Adesso immaginiamo che un certo numero di autori, invece di descrivere a casaccio e molto rapidamente delle città più o meno intercambiabili, si metta a prendere come scenario delle loro storie una sola città, con un nome, situata con esattezza nello spazio e nel futuro; che ciascun autore tenga conto delle descrizioni fornite dagli altri per introdurre le proprie idee nuove. Questa città diverrà un bene comune allo stesso titolo di un’antica città scomparsa; poco a poco, tutti i lettori daranno quel nome alla città dei loro sogni e la modelleranno a loro immagine.
La fantascienza, se potesse darsi dei limiti e unificarsi, sarebbe in grado di acquisire sull’immaginazione collettiva un potere vincolante, paragonabile a quello esercitato da una qualsiasi mitologia classica. In breve tempo, tutti gli autori sarebbero costretti a tener conto di questa città, i lettori conformerebbero le loro azioni in relazione alla sua esistenza imminente e si troverebbero, al limite, nell’obbligazione di costruirla”.

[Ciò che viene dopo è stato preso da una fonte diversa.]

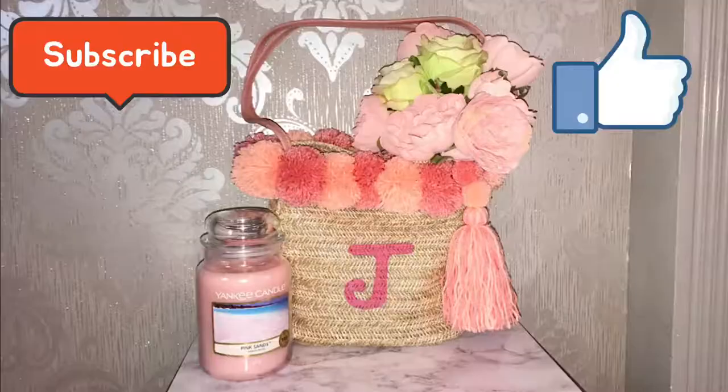And there we have it guys — that's our finished bag! Once again, thank you so much for watching. Have a great day, bye!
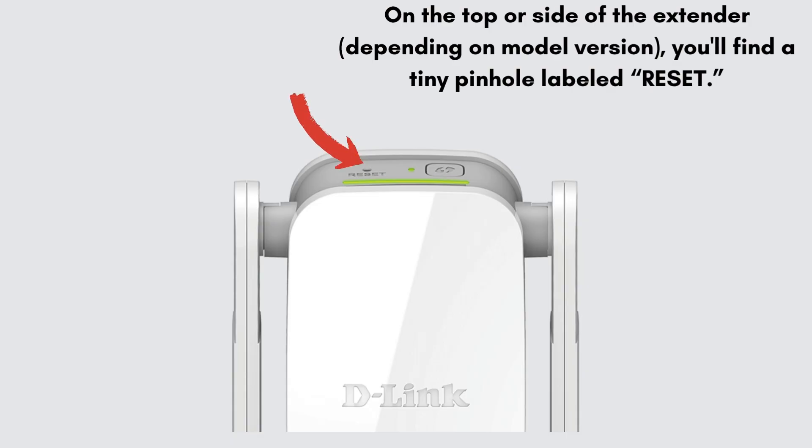On the top or side of the extender, depending on the model version, you'll find a tiny pinhole labeled Reset. It's recessed to prevent accidental presses.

Michel Butor, La crise de croissance de la science-fiction, [1953] in Essais sur le modernes, Gallimard, Paris, 1992. pp. 236-37
” Venerdì 17 gennaio 1997 – Sento che leggono fantascienza. Io, che la leggevo quarant’anni fa, ormai vorrei soltanto scriverla. (Ho sempre pensato che anche la Recherche sia un romanzo di fantascienza) “.